Kiedy minie już zachłyśnięcie się materią, a czasami zajmuje to kilka-kilkanaście wcieleń, to przychodzi czas na tworzenie i kreację z poziomu serca. Wtedy kreacja służy również innym ludziom.
W pierwszym przypadku, gdy przerabiamy zagarnianie do siebie, doskonałym obecnie miejscem, które wspiera ten proces, są korporacje. Pracując w systemie rywalizacji, zysków, osiągnieć, przekraczania planu, mamy możliwość zdobywania doświadczenia. Jest tu wiele poziomów pożądania: od niewielkiego aż po obsesję bycia pierwszym za wszelką cenę. Większość pracowników po kilku latach pracy w takim stylu jest wypalona zawodowo i wyczerpana.
Kiedy kreujemy z poziomu serca, wtedy najczęściej pracujemy jako konstruktor, artysta lub prowadzimy rodzinny biznes. Można dorobić się nawet fortuny, bo umiejętności władania materią są już na wysokim poziomie, ale bogactwo nie staje się celem samym w sobie, tylko jest wynikiem potrzeby kreacji i wyrażania siebie.
W tym drugim przypadku, gdy idziemy drogą serca, człowiek jest wewnętrznie bogaty.
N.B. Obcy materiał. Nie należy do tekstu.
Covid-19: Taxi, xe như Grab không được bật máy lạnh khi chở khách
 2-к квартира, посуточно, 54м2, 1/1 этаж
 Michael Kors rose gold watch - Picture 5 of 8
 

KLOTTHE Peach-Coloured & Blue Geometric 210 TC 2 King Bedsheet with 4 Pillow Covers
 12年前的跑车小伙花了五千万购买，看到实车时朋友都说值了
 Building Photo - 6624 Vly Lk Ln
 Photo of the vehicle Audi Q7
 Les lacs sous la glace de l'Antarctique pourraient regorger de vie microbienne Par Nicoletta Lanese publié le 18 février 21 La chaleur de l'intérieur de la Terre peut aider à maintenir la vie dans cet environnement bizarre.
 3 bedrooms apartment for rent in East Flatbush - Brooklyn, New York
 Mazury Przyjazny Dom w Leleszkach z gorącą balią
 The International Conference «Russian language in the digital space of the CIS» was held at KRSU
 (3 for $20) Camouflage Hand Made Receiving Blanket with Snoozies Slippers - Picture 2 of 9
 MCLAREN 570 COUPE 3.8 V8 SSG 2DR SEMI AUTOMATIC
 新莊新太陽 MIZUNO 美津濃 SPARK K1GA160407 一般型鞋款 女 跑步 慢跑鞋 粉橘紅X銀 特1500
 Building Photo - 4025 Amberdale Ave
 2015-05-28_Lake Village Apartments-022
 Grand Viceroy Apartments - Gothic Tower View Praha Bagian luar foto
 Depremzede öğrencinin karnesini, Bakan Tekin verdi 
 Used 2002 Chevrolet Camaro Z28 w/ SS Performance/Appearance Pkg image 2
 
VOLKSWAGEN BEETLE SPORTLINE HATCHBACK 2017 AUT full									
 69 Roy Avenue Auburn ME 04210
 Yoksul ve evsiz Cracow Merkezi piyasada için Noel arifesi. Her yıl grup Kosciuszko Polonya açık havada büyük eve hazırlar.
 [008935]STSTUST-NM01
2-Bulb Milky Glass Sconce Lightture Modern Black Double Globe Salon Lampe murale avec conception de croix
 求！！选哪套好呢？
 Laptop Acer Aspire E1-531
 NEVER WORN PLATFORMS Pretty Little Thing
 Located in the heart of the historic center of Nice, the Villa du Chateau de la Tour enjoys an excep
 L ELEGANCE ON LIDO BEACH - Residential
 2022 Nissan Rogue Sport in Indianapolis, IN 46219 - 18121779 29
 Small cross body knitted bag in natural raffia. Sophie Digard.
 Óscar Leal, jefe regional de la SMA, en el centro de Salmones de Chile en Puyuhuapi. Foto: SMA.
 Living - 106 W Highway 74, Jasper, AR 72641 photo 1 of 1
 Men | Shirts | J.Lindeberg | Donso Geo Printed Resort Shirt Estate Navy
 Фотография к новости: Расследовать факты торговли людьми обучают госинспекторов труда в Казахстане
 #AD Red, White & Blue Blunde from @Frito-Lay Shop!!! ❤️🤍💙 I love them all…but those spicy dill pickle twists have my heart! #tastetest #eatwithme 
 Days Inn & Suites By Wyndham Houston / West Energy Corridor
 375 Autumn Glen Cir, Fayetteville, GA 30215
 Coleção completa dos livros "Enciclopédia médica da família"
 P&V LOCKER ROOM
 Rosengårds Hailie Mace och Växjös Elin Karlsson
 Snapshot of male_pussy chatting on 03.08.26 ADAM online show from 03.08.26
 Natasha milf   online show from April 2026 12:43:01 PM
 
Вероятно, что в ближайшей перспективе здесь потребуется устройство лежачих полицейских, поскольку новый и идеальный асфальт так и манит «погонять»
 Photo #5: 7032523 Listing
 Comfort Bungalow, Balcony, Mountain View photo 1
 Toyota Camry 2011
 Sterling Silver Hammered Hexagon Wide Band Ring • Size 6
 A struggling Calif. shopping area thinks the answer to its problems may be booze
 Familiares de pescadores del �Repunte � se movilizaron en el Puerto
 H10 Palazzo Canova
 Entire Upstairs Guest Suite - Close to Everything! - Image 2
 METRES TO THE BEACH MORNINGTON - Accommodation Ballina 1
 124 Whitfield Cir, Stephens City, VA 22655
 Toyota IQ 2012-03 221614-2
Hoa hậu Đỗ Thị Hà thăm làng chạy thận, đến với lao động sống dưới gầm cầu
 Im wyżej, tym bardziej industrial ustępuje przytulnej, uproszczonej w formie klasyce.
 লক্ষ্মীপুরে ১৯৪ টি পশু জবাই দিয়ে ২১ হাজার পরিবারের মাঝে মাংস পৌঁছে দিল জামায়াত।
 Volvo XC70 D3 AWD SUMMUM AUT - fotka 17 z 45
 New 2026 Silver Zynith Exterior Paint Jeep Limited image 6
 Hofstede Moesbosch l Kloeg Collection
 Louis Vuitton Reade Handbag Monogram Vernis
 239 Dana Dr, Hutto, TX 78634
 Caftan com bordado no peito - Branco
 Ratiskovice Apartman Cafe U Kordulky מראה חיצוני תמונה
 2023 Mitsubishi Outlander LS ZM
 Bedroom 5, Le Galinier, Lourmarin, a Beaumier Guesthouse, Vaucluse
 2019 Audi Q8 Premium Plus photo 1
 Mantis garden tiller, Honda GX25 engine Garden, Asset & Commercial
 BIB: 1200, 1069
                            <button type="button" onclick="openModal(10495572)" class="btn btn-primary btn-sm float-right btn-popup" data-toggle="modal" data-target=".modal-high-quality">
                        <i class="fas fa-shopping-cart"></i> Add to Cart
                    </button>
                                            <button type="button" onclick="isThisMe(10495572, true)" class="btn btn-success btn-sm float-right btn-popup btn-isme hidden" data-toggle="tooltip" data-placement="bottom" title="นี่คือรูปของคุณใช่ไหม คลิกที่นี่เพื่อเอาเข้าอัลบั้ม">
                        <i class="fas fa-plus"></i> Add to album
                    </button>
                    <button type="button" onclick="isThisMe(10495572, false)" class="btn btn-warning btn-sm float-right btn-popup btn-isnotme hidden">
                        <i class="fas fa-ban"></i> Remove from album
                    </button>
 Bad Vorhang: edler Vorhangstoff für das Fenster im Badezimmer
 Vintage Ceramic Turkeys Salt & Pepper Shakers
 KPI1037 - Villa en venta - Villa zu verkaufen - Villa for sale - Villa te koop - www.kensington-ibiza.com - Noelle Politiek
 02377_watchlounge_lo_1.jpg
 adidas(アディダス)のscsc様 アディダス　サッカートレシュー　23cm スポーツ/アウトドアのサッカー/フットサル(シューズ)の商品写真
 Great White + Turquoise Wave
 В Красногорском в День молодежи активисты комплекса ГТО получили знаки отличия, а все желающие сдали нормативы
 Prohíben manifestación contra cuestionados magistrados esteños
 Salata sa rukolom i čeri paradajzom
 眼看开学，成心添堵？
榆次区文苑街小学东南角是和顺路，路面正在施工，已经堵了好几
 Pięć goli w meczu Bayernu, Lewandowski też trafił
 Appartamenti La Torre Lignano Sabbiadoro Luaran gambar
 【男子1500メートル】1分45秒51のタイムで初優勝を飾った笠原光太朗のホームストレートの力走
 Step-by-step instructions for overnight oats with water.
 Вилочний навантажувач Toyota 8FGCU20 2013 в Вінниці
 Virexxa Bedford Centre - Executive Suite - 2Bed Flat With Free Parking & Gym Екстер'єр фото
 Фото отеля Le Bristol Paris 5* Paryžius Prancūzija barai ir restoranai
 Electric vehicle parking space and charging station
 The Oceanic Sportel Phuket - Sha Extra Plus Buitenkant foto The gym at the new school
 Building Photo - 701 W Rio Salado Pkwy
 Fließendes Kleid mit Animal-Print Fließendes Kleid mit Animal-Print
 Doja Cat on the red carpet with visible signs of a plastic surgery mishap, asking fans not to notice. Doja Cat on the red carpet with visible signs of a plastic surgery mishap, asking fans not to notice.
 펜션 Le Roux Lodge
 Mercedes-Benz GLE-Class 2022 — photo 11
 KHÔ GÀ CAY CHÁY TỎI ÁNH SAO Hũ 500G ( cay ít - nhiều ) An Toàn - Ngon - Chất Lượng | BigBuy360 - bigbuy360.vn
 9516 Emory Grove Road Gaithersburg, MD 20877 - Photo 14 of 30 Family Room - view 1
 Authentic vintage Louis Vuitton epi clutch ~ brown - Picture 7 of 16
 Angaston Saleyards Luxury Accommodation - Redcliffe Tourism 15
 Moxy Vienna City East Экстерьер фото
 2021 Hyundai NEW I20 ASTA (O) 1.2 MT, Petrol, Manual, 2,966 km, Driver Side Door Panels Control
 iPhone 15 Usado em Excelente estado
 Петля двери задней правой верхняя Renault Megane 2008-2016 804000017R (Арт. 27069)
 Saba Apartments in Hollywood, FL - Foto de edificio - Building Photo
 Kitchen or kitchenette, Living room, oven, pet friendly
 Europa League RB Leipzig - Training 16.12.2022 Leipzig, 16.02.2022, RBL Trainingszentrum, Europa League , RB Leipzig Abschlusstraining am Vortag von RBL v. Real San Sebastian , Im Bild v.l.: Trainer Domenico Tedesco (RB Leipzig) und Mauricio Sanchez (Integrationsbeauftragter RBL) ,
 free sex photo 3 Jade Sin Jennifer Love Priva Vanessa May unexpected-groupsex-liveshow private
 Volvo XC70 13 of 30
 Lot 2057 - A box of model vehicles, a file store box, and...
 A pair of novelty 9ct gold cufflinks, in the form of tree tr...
Bogaty potrzebą tworzenia i dzielenia się tym, czym został obdarzony przez Stwórcę. Dusza rozwija wtedy umowne skrzydła i jest w swoim żywiole kreatora. Tu rodzą się cuda. Materia jest dostępna łatwo i bez większego wysiłku.

Szef nigdy nie dał odczuć, że jest kimś lepszym od swoich pracowników. Większy utarg przekładał się na większą pensję, dostawaliśmy premie
i prezenty świąteczne. Zamykał firmę na cały sierpień, bo twierdził, że nie mógłby spokojnie odpoczywać, wiedząc, że my ciężko pracujemy. Nie patrzył na to, ile komu przysługuje urlopu. Miesiąc to miesiąc. Pensja pozostawała taka sama.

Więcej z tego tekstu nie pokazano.